Memory Protection

Memory is crucial concerning safety and security of an embedded system.

Functional safety is compromised if memory is manipulated by accident leading to a malfunction of a critical part of the software. Issues regarding memory can arise when:

  1. Data is passed between parts of the software and cast into the wrong type
  2. Data is written and read without synchronization (data race)
  3. Data is deallocated too early or multiple times (dangling pointer)
  4. Software reads or writes outside intended address spaces (overflow)

Rust solves 1. with strong typing and generics, 2. by enforcing synchronization with Sync traits and 3. with ownership and lifetime checks when compiling code.

  1. is in part solved in the Rust language, as arrays and strings store their length with the data. Thus, copying strings will not write beyond bounds. Stack overflows, on the other hand, can still occur. One possible solution to reduce the risk of stack overflows is to use only a single stack. In the case of an RTOS, threads must either be cooperative (exiting the thread entry function every time) or hardware interrupts must be used for context switching, as in the RTIC real-time framework [43]. Another solution is to detect a stack overflow by setting and checking watermark patterns or by trapping an overflow in hardware.
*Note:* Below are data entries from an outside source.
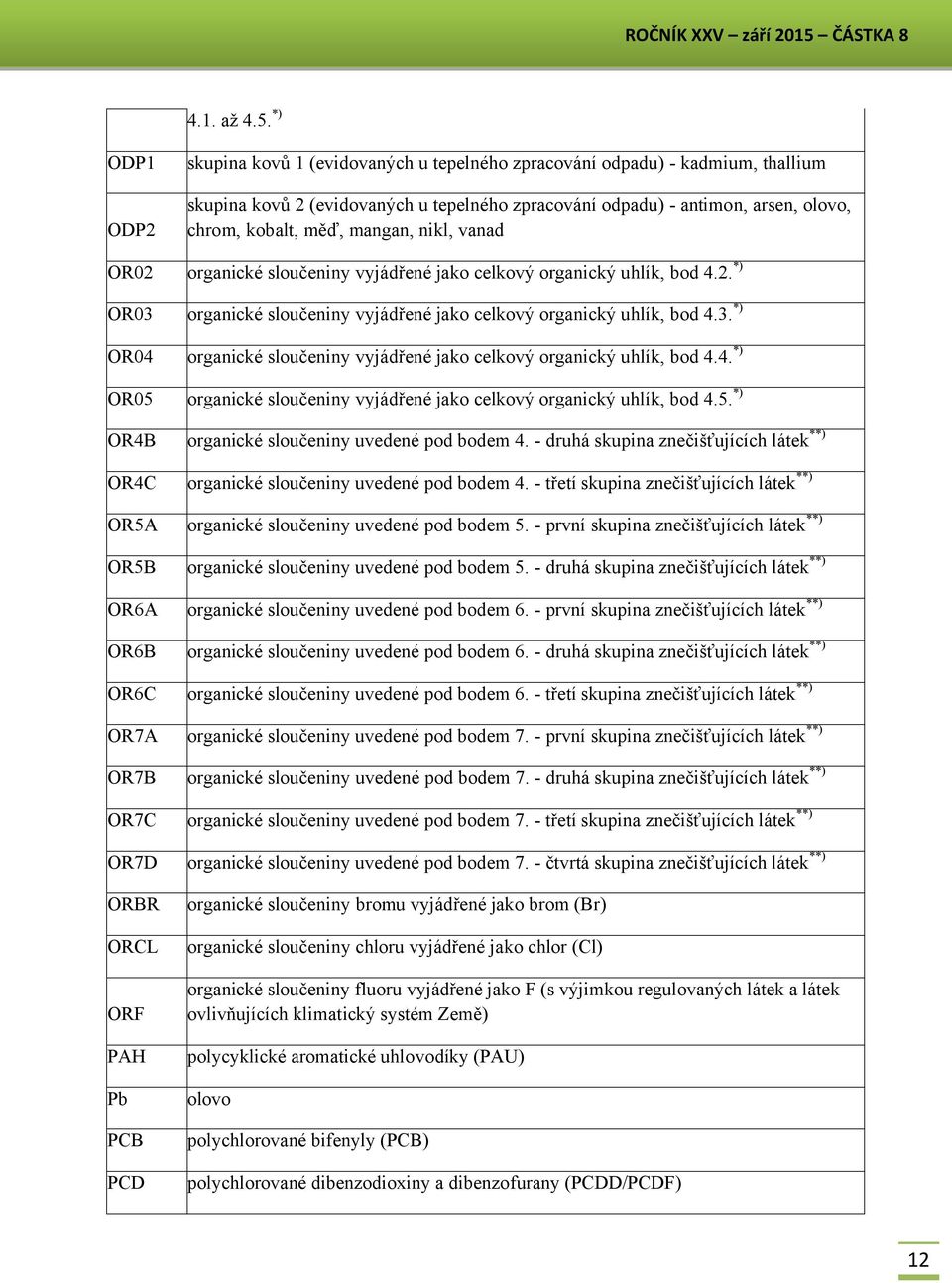 *) ODP1 ODP2 skupina kovů 1 (evidovaných u tepelného zpracování odpadu) - kadmium, thallium skupina kovů 2 (evidovaných u tepelného zpracování odpadu) - antimon, arsen, olovo, chrom, kobalt, měď,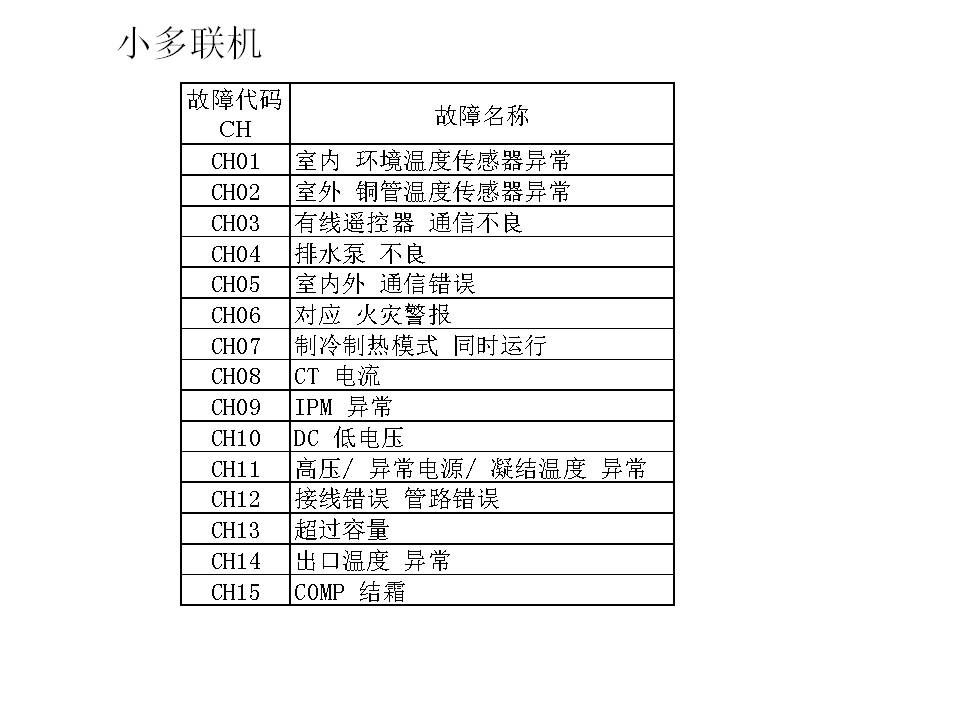 LG空调报故障代码CH47_LG空调常见故障代码解释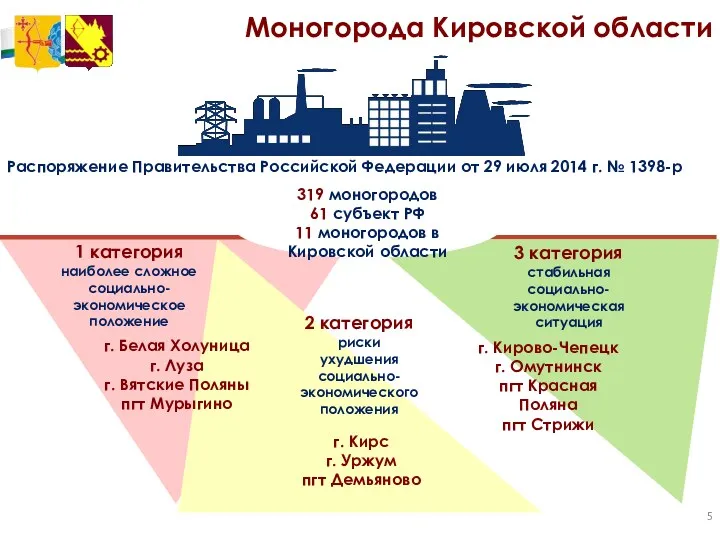 Моногорода Кировской области Распоряжение Правительства Российской Федерации от 29 июля 2014 г. №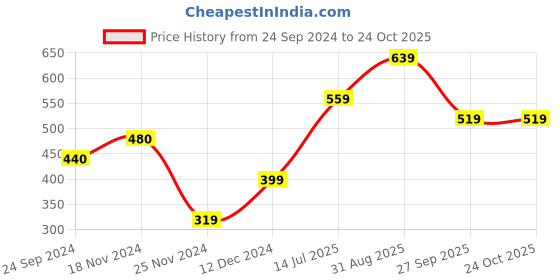 tatacliq.com Jack & Jones Junior Jet Black & Yellow Cotton Printed T-Shirt jack & jones junior Price History Graph from 24 Sep 2024 to 23 Oct 2025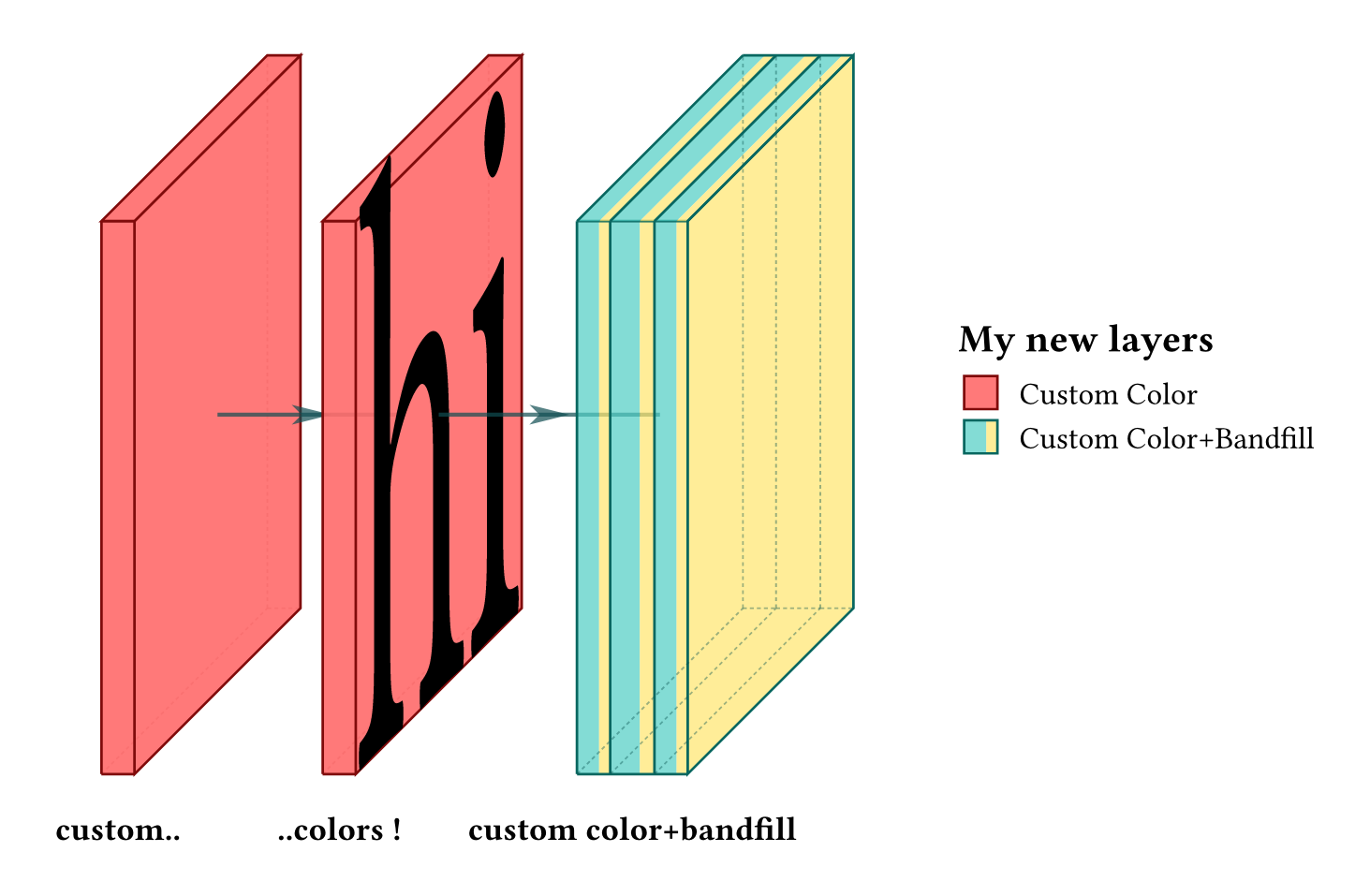 Custom layer example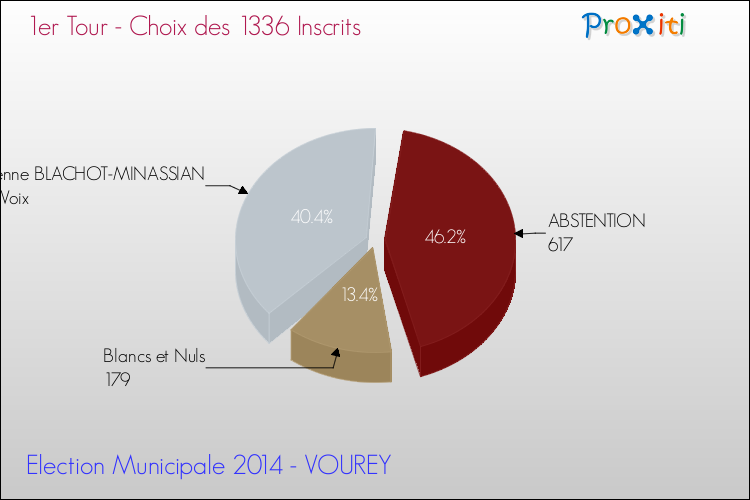 Résultats par rapport aux inscrits au 1er Tour des Elections Municipales 2014 de la commune de VOUREY Elections Municipales 2014 - Résultats par rapport aux inscrits au 1er Tour pour la commune de VOUREY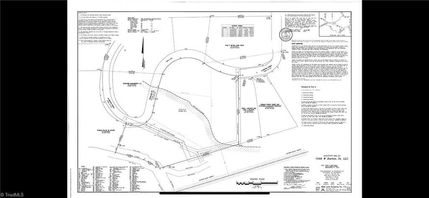Ranch Property for sale in Guilford County, North Carolina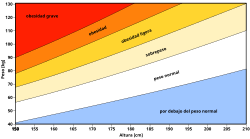 Gráfico con el índice de masa corporal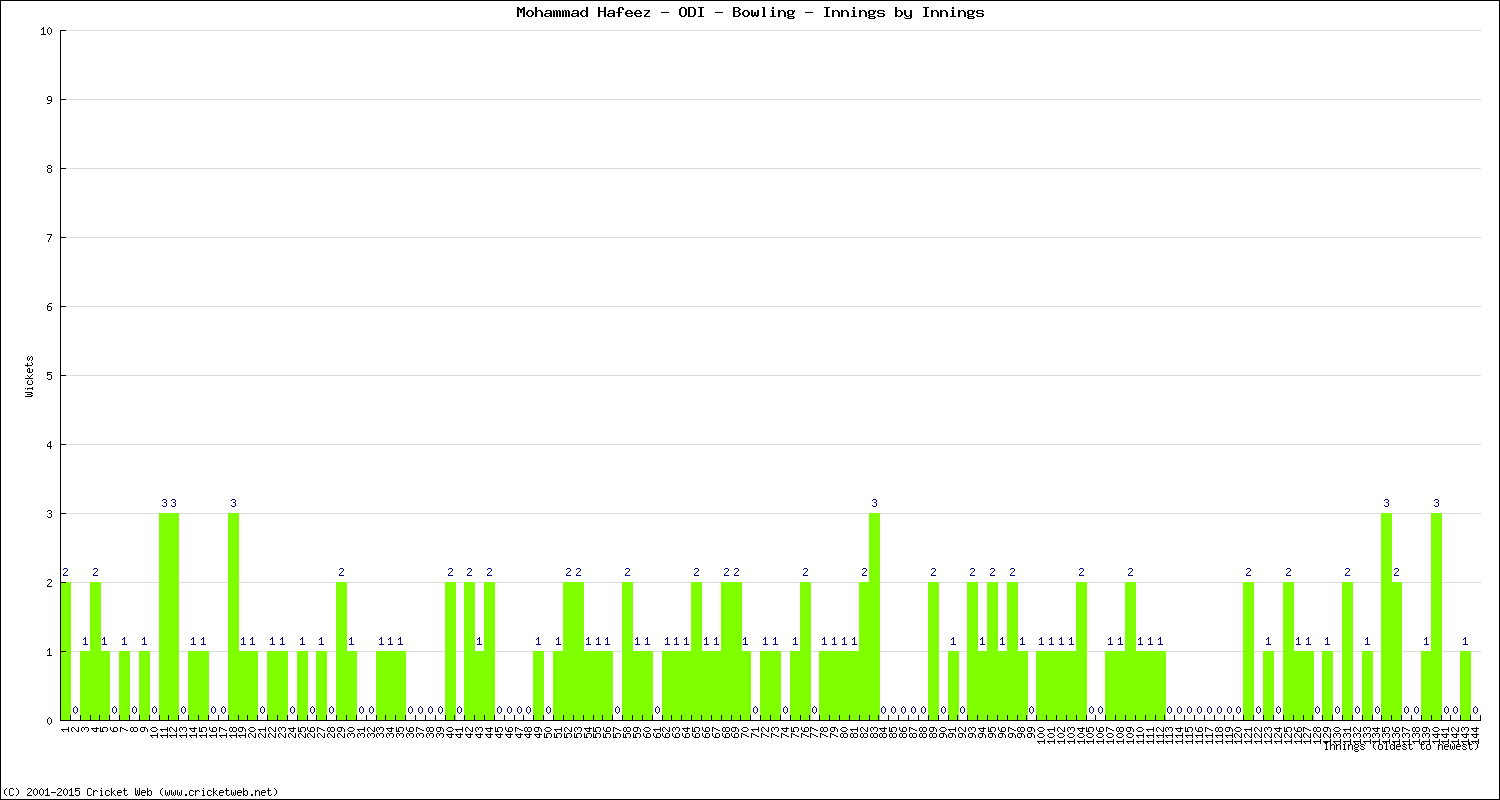 Bowling Performance Innings by Innings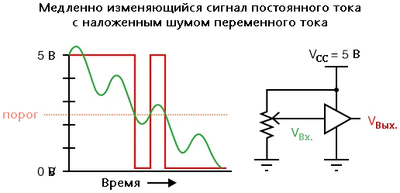 Рис. 7. Если на входной сигнал напряжения постоянного тока наложить «шумовое» напряжение переменного тока, суммарное напряжение не всегда можно будет корректно интерпретировать (т.к. получившееся значение может быть как до порога, так и после).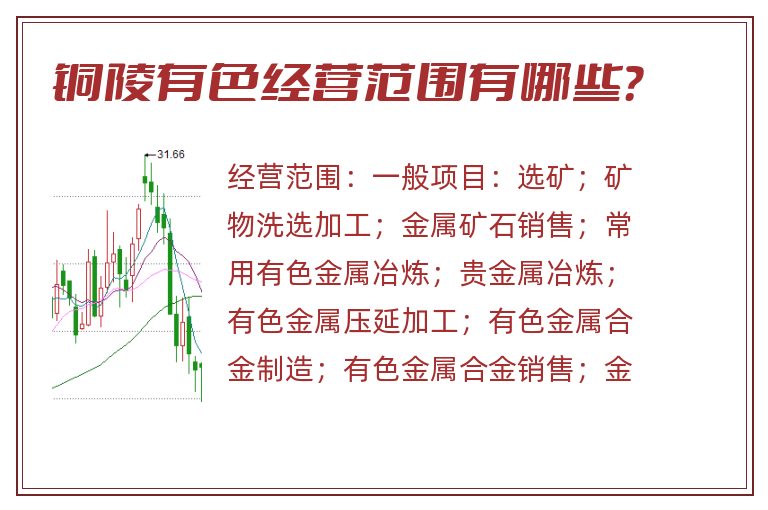 铜陵有色经营范围有哪些?.jpg 铜陵有色.jpg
Security is compromised if an attacker can read or can manipulate data on purpose. In microcontroller projects, security is often not regarded as a concern as these systems often run without connection to the outside world. With increased connectivity of embedded systems, a newly developed RTOS must have security in mind to avoid obsolescence in the coming years.

To prevent stack overflows and provide a secure system, Bern RTOS will rely on memory protection hardware. The main approach for safety and security is to form processes by splitting the application by criticality. Bern RTOS has the following use cases in mind:

Strict Allocating everything statically is the safest option as memory is guaranteed to be available at compile time. The kernel should allow for threads, stacks and sync primitives to be allocated statically, so that they can run for sure. Threads should run in isolation and the kernel should copy data between threads. This is the safest and most secure option.

Relaxed Making threads safe adds overhead at runtime, if a thread is less critical, it should be allocated in a fixed size pool of threads. To speed-up IPC, the kernel should provide a shared memory section where multiple threads have access to the same resource.

Dynamic Allocating memory dynamically simplifies the handling of dynamic loads of communication interfaces. It is the most memory efficient solution because memory is reserved only if it is used. However, an overload of a communication interface might block the system by using all of its memory.

A combination of the three use cases above should be able to run on the same system.

On a microcontroller, flash memory, SRAM, peripherals and other memory components are mapped to a single address space. To isolate and protect parts, it must be placed into sections, as shown in the figure.

Figure: Memory Protection: Memory Layout.

Different threads have different access privileges to different sections. Insecure network stacks can, for example, be denied access to peripherals, except the network interface. If threads cannot access a memory section directly, they must ask the kernel for help via a system call (syscall).

The most secure system would allow every peripheral access via a syscall, so that the kernel can check the access permission with fine granularity. This is done in Tock OS [56] but implies high overhead and HAL implementation by the OS maintainers. As a compromise, peripherals in the Bern RTOS should be protected by either allowing full access to parts of the memory section or none. That way peripherals can be somewhat protected, but the kernel is still independent of a HAL and access is efficient.

In terms of flexibility, the aim is for the Bern RTOS to use some of the hardware memory protection capabilities to make the kernel safe and secure, and to leave some to the user to use for application-specific purposes. For example, a user might want to restrict access to encryption keys.